Oleh : eN-Te
Pengantar
Tulisan ini ingin mendeskripsikan kesan yang diperoleh salah seorang guru saya ketika pertama kali tiba dan sempat beberapa saat tinggal di Kupang. Ketika ia menceritakan kesannya tersebut, ia sampaikan dengan rasa takjub.
Fenomena yang ia lihat, menurutnya merupakan sebuah fenomena langkah. Bagi guru saya tersebut, Kupang sebagai salah satu ibukota provinsi sangat berbeda dengan kota-kota besar lainnya di Indonesia. Dalam pandangan guru saya tersebut, kondisi ini merupakan sesuatu yang langkah, di mana ternyata ada kota provinsi yang bebas dari penyakit masyarakat, seperti ‘gepeng’ (gelandangan dan pengemis).
Sekilas Tentang Kota Kupang
Kupang adalah ibukota Provinsi Nusa Tenggara Timur (NTT). Kota Kupang terletak di ujung Pulau Timor dan berbatasan langsung dengan negara tetangga, Timor Leste. Kota Kupang terletak pada 10°36’14”-10°39’58” LS dan 123°32’23”–123°37’01” BT, dengan luas wilayah 180,27 Km2.

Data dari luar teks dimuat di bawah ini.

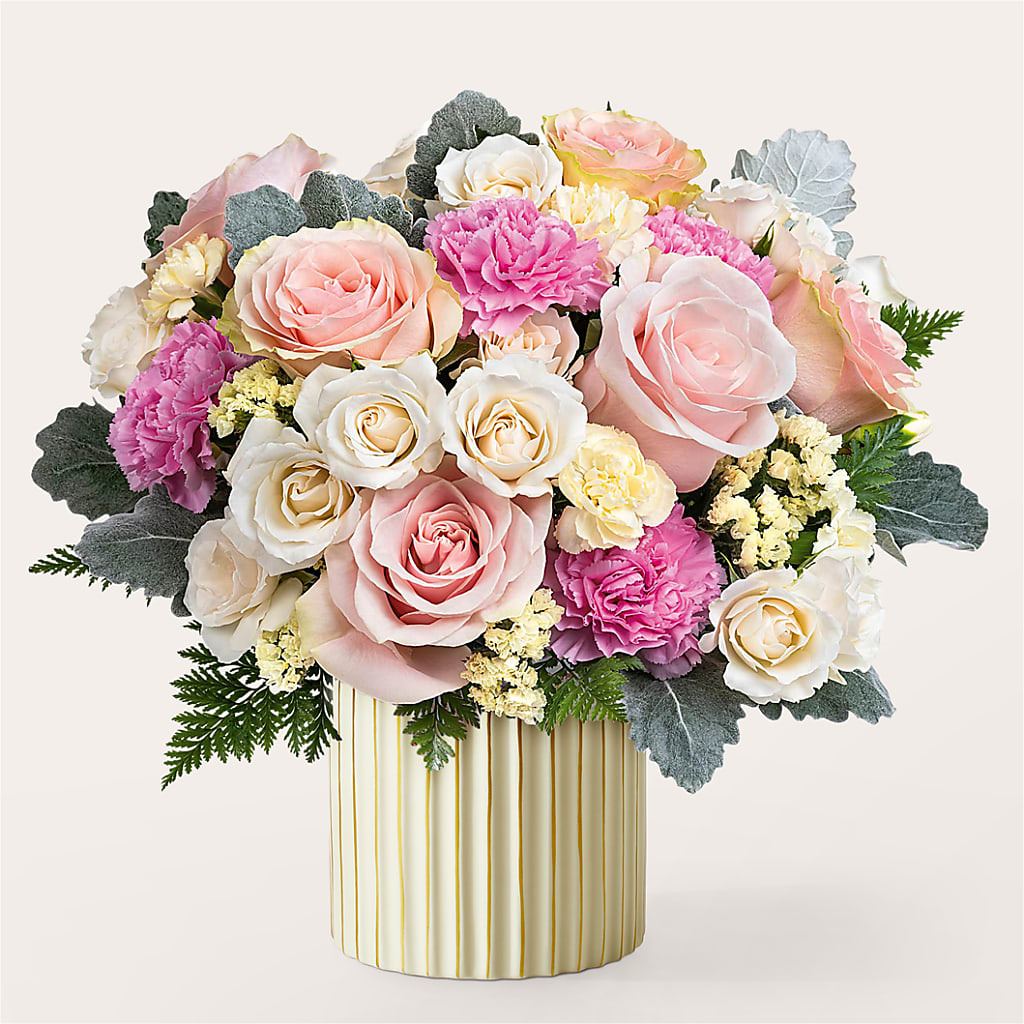 Blissful Moments Bouquet with Ivory Vase – Flowers In Spring Llc, Lynchburg VA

Penduduk Kota Kupang berasal dari beragam etnis dan suku. Sekurang-kurangnya ada enam (6) suku dan atau etnis yang mendiami Kota Kupang. Keenam suku dan atau etnis itu, sebagai berikut, Suku Timor (dari Pulau Timor), Suku Rote (ari Pulau Rote), Suku Sabu (dari Pulau Sabu), Suku Flores (Pulau Flores dan sekitarnya), Suku Jawa, dan Etnis Tionghoa (China).

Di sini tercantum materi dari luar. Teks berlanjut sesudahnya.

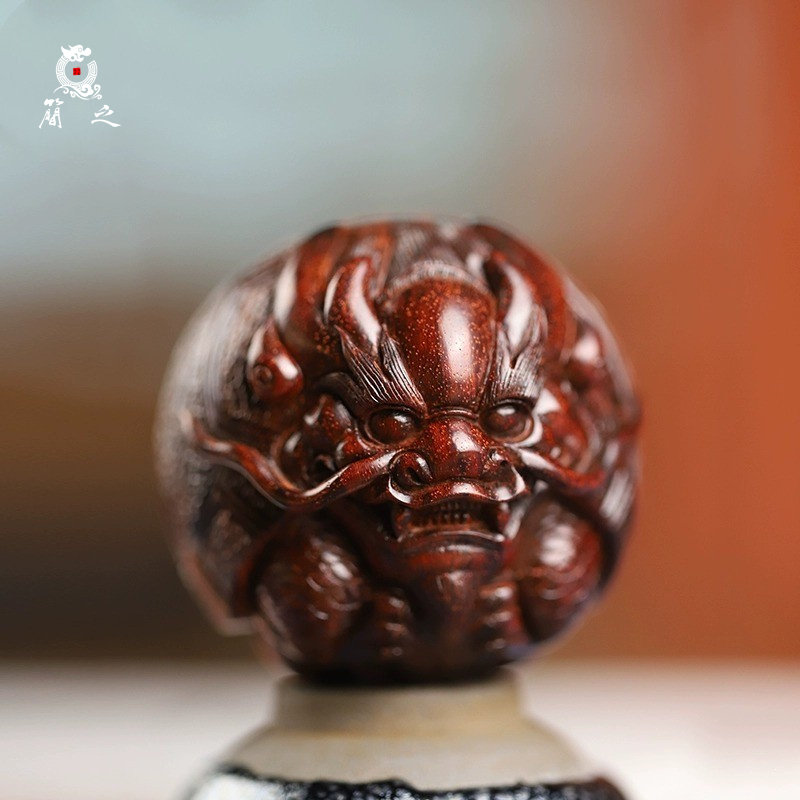 龙龟手把件龙生九子印度小叶紫檀木雕纯手工湘工石争手作文玩把玩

Kehadiran VOC membawa perubahan pula pada lafal nama Raja Lai Kopan. Karena pengaruh bahasa Belanda, nama Lai Kopan diucapkan menjadi Koepan. Sehingga dalam perkembangannya, lafal Lai Kopan kemudian lebih familiar diucapkan dalam bahasa sehari-hari oleh warga menjadi Kupang (sumber).
Istilah Pengemis
Saya sempat bingung ketika mencoba menerka-nerka kata dasar dari kata ‘pengemis’ ini. Soalnya dalam komunikasi sehari-hari kita hanya mendengar kata ‘pengemis’ dan ‘mengemis’. Kedua kata tersebut merupakan bentuk jadian dengan imbuhan ‘pe’ dan ‘me’. Jarang kita mendengar kata dasar dari kedua kata itu.